NewsABPnews  |  April 28, 2010

WASHINGTON (ABP) — A divided Supreme Court rendered a complex decision April 28 on the fate of a lonely cross in the California desert. The decision — the first major church-state case of Chief Justice John Roberts’ tenure — upset religious-freedom advocates but heartened religious conservatives.

By a 5-4 vote, the court’s majority agreed only that the case should be returned to a lower court to re-evaluate an injunction that required the cross be removed from public view, while splintering over their reasons why.

The cross — successor to one first erected as a World War I memorial in 1934 — stands atop Sunrise Rock, next to a road in a remote part of California’s Mojave National Preserve. Although several crosses erected by private groups have stood on the spot over the years, the current version was built of painted metal pipes by a local resident in 1998. It has been the site of community Easter services for years, but federal officials have covered it with a plywood box to comply with court orders.

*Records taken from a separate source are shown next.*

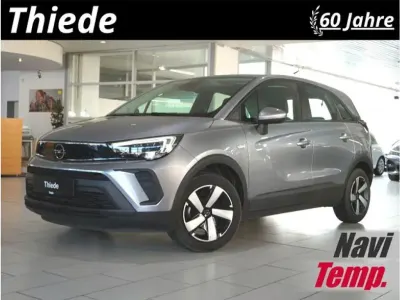 Gebraucht Opel Crossland X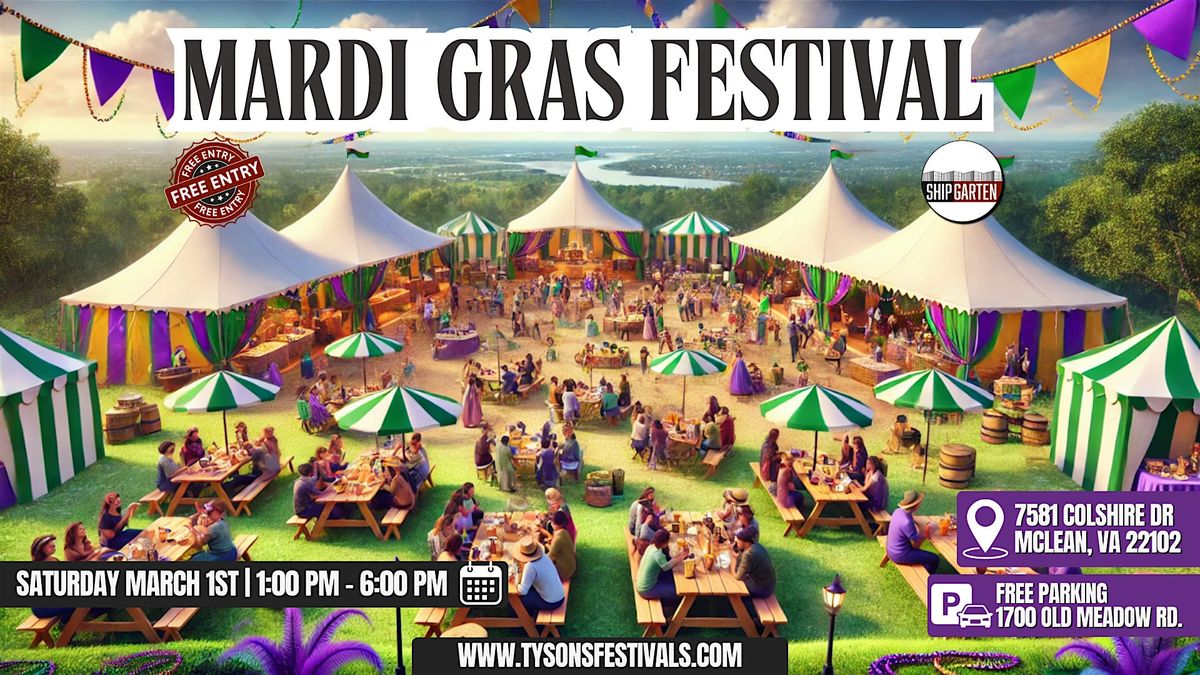 Mardi Gras Festival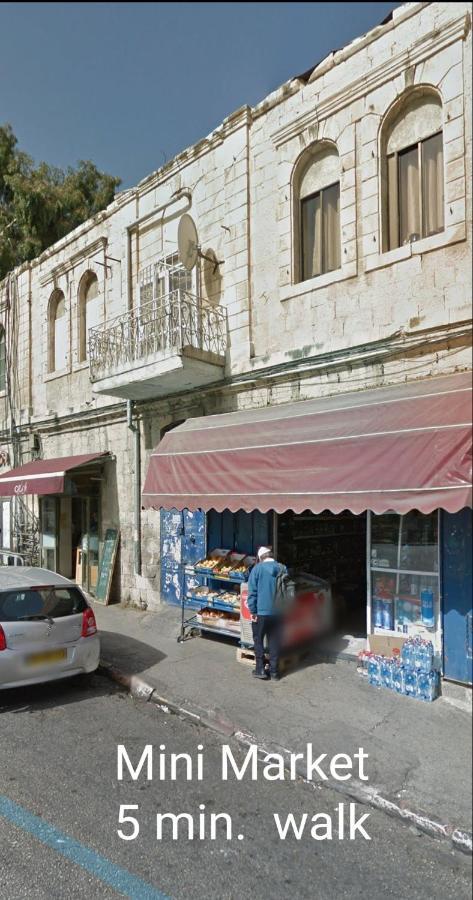 Naama New Boutique Apartment Jeruzalem Buitenkant foto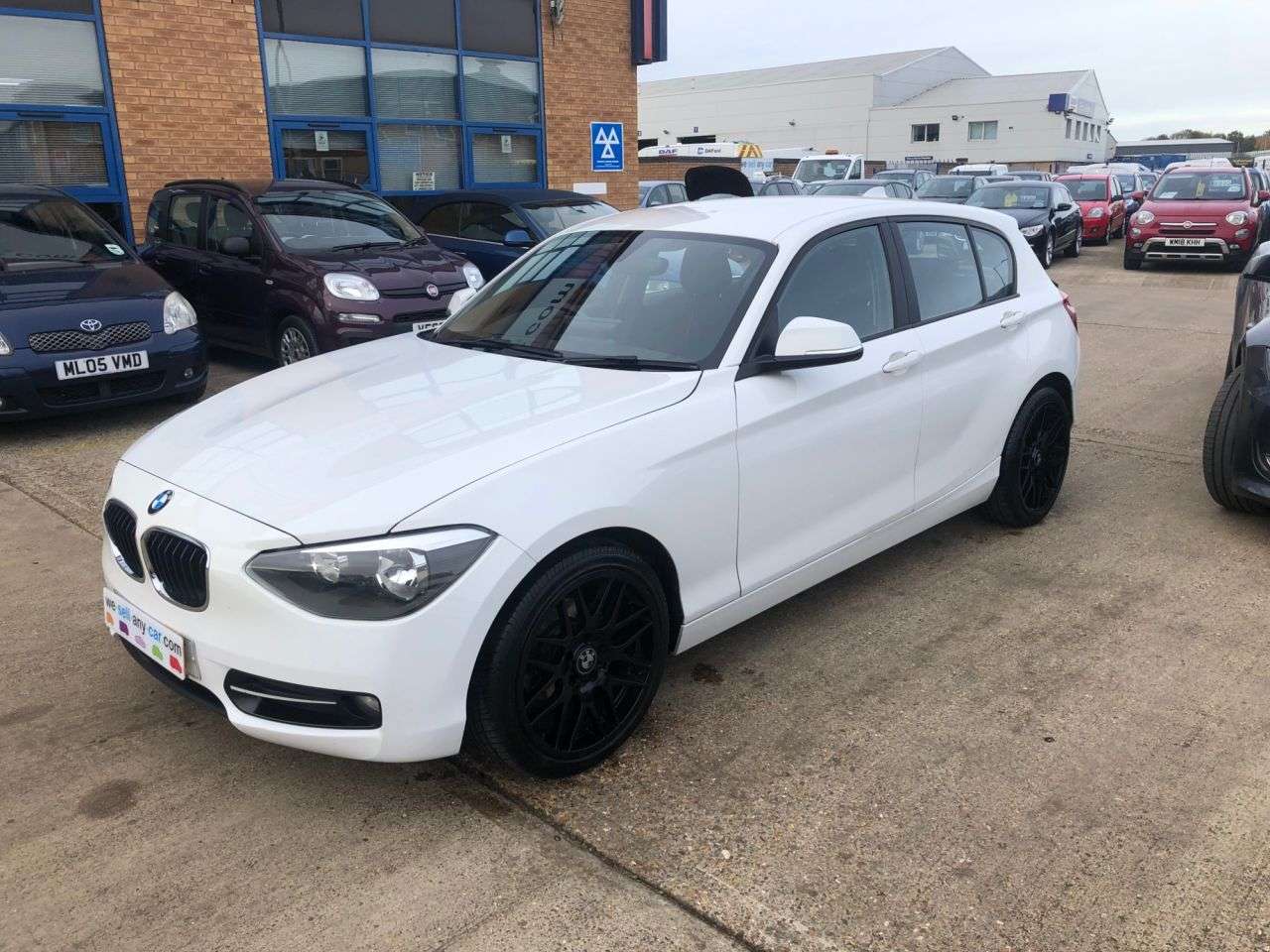 2013 BMW 1 SERIES 2013 BMW 1 SERIES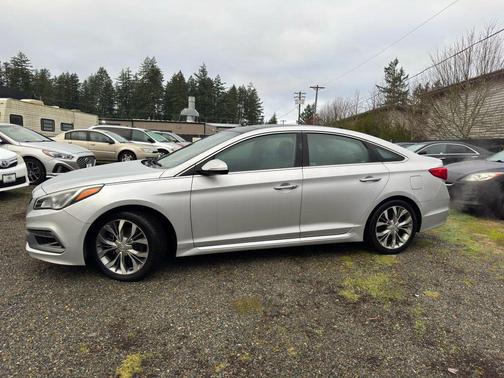 2015 Hyundai SONATA Limited 2.0T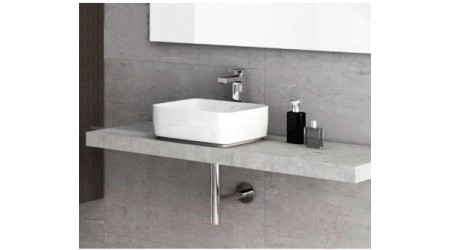 Умывальник Roca Inspira Square 50x37 / A327530000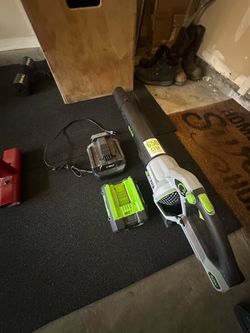 EGO POWER+ 650 CFM Blower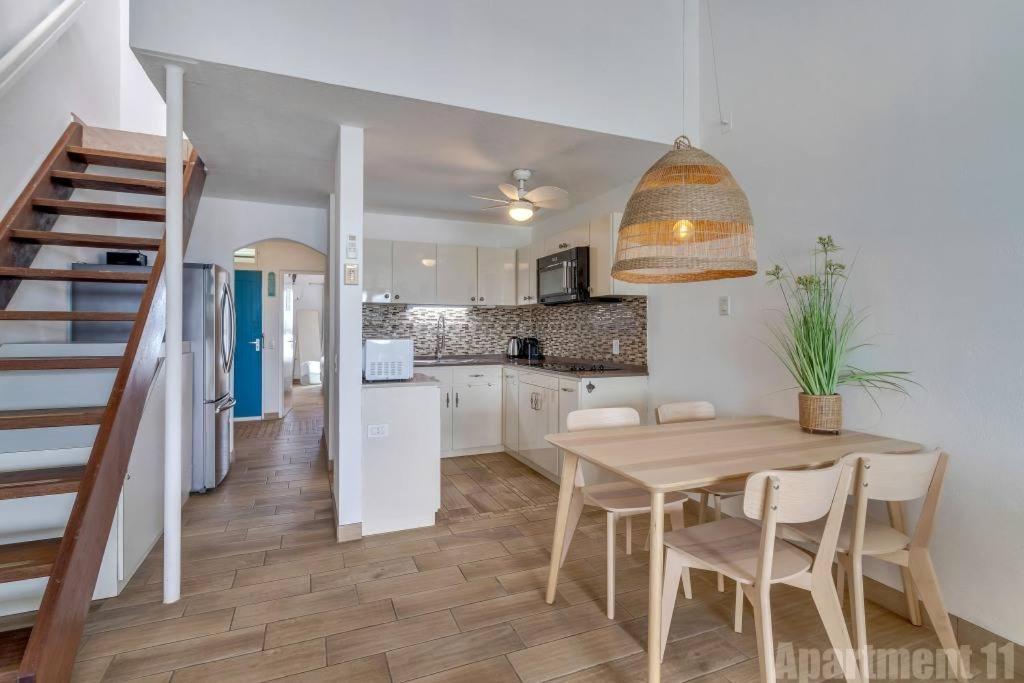 Bonaire Oceanfront Apartments Kralendijk  Luaran gambar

Justice Anthony Kennedy wrote the court’s plurality opinion, but was only joined in his reasoning fully by Roberts and partially by Justice Samuel Alito. Kennedy said a lower federal court had erred by denying an attempt by Congress to transfer a small parcel of land on which the cross is located to a private owner who would maintain the monument.

The lower court called the attempted land transfer an impermissible government attempt to avoid enforcement of a previous court decision — a decision not at issue in this case.

But Kennedy disagreed. “By dismissing Congress’s motives as illicit, the [federal] district court took insufficient account of the context in which the statute was enacted and the reasons for its passage,” he wrote. “Private citizens put the cross on Sunrise Rock to commemorate American servicemen who had died in World War I. Although certainly a Christian symbol, the cross was not emplaced on Sunrise Rock to promote a Christian message.”

Case’s origins

The origins of the case date to 1999 when the National Park Service, which oversees the land, denied an application from a group that wanted to build a Buddhist shrine near the cross. The agency studied the history of the monument, said it did not qualify as a historic landmark and announced plans to remove it.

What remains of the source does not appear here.